Ma il suo orizzonte ora si allarga all’intero sistema del calcio italiano, proponendo qualche novità. Tra queste c’è il campionato d’estate e una competizione europea con le migliori squadre del campionato. Che però non vuole chiamare Superlega. Ma il primo problema sono gli stadi, dice: «Tranne qualche rara eccezione, sono obsoleti, la partita si vede male, c’è la pista d’atletica, come a Napoli o a Roma. E poi, vogliamo portarvi le famiglie? Vogliamo far sì che allo stadio si possa rimanere tutta la giornata a divertirsi, a mangiare? Io allo stadio celebrerei i matrimoni e le prime comunioni».
La Chiesa potrebbe arrabbiarsi, ammette, ma De Laurentiis ha la soluzione in tasca: «Basterebbe montare un altare benedetto, noi lo abbiamo fatto in ritiro a Dimaro: quante volte è venuto il cardinale Sepe a officiare la messa e nessuno si è mai scandalizzato? Il campo di calcio è sottostimato e sottoutilizzato, potrebbe produrre dei benefici sul fatturato».
Poi c’è il calendario del campionato: «Perché giocare d’inverno con la neve, la pioggia, la grandine? Non potremmo cominciare in tutta Europa il primo aprile? Non è un pesce d’aprile, ma una necessità. In sette mesi fino a ottobre si potrebbero disputare campionati nazionali e Coppe europee. Da novembre a marzo restano cinque mesi per far riposare i signori calciatori, andare in ritiro, giocare con le nazionali».
Ma per il presidente del Napoli, c’è un problema se si vuole riformare il calcio: «Uefa e Fifa sono assenti per egocentrismo ed egoismo. Per loro esistono solo le votazioni per essere riconfermati, ma non si pongono questi problemi. Alla finale di Champions a Parigi un anno fa c’è gente che ha rischiato di morire, bambini che urlavano, mamme spaventate: così non si fa un assist al calcio, anzi lo si mortifica. Fifa e Uefa operano in posizione dominante e nessuno dice loro nulla. Dovrebbero sedersi al tavolo con noi ed essere rispettose dei nostri campionati, che per i tifosi vengono prima delle Coppe europee e delle nazionali. Ho calciatori che vanno e vengono dal Sudamerica o dall’Asia in 48 ore e poi devono giocare da noi il giorno dopo: follia».
E De Laurentiis ha anche l’idea di una «competizione europea» con le migliori squadre di ogni campionato: «L’ho messa un po’ da parte, sennò si arrabbiano tutti.
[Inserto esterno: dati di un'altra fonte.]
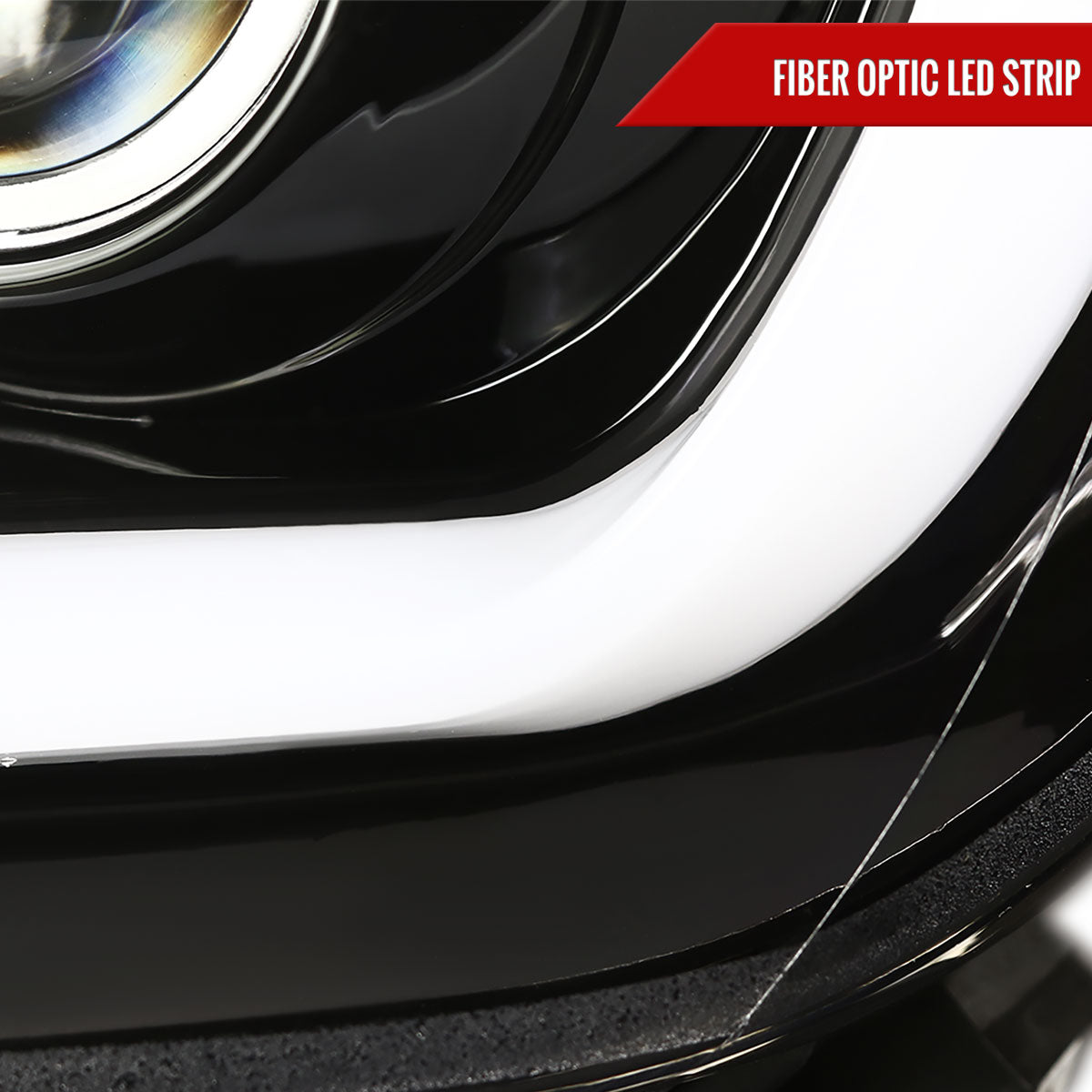 2014-2021 Toyota Tundra LED C-Bar Projector Headlights w/ Sequential Turn Signal Lights (Jet Black Housing/Clear Lens)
Avevo detto che bisognerebbe portare sul tavolo 10 miliardi, non i 4-5 che l’Uefa si appresta a garantire dal prossimo ciclo. Ho proposto due campionati europei. Uno per 25 federazioni minori che non possono permettersi gli investimenti dei Paesi più importanti. E uno con le prime sei squadre dei cinque grandi campionati, che dunque cambierebbero ogni anno, con partite secche, escludendo i confronti fra squadre dello stesso Paese. Tutto il mondo le guarderebbe: quanto porterebbero in termini di diritti? E quanto valorizzerebbero i nostri allenatori e i nostri calciatori? Quando leggo le convocazioni delle nazionali io sto male perché i ct chiamano sempre i più vecchi, avendo paura di sbagliare. Ma dico: le nazionali sono un teatro mondiale, fatemi vedere i giovani, tirate fuori i più bravi. Anche per le loro famiglie che hanno fatto mille sacrifici e meritano di vedere realizzati i propri sogni».
Il presidente poi elogia i suoi calciatori: «Non solo i gioielli, Osimhen, Kvara, ma anche tutti gli altri. Il capitano Di Lorenzo è un uomo straordinario, educatissimo, su cui si può sempre contare. E Spalletti è un condottiero, un grande affabulatore: tutti dovrebbero studiarlo, c’è sempre da imparare da lui». Promette di tenerli tutti. Anzi, di aggiungerne altri: «Mi piacerebbe avere un americano, perché in America anche se il campionato vale poco ci sono grandissimi giocatori che risplendono in nazionale. E poi un giapponese, avendo già un coreano, visto che c’è un grande sviluppo del nostro calcio in Oriente e ci sono nuove entrate da considerare. Ma non vorrei mandare via nessuno dei nostri».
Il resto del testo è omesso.